JOGAR A CASA PELA JANELA

Olho o caos que reina nas gavetas e nos cômodos infinitamente incômodos da minha alma, da minha vida, de tudo e não tenho nenhuma ideia, nenhuma mesmo, de por onde posso começar a fazer a limpeza, nem do que seja coisa para guardar e coisa para jogar fora.

Há uma expressão usada na Argentina que diz bem, muitíssimo bem, do que estou a sentir há muito: "jogou a casa pela janela", quando lá se quer dizer que alguém fez algo muito além da conta, exorbitou, saiu fora de todos os limites.

A expressão "jogar a casa pela janela" não a posso usar para mim, no sentido com que os argentinos a usam para eles mesmos.
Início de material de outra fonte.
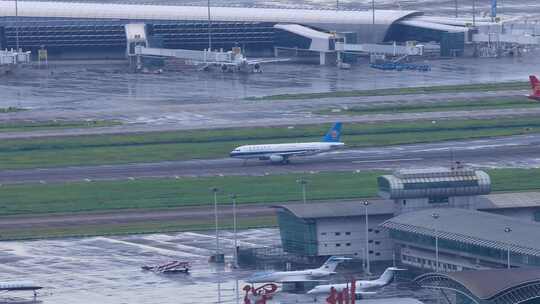 深圳机场起飞的南方航空客机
Eu não exorbitei, pelo contrário; de tanto ver murchar as coisas em que acreditei até vê-las reduzidas a esse nada de exorbitâncias

inúteis, há momentos em que a expressão "jogar a casa pela janela" deixa de ser metáfora, imagem e só me ponho a salvo dela porque me resta ainda alguma honra e também porque não tenho quase mais nenhuma força nas pernas para realizar a tarefa pesada, proibida e irreversível de "jogar a casa pela janela".

Por causa de tamanha impotência "geral e irrestrita", preciso encontrar, ainda não sei onde, alguma coragem para iniciar a limpeza, por qualquer gaveta,por gaveta qualquer, não importa qual, tomando o cuidado de não jogar fora, junto com a água suja, também o bebê*. O bebê * precisa ser preservado.

* A palavra "bebê" está sendo usada em sentido simbólico: não há nenhum bebê com a vida em jogo.

No final da tarde de 26 de fevereiro de 2012.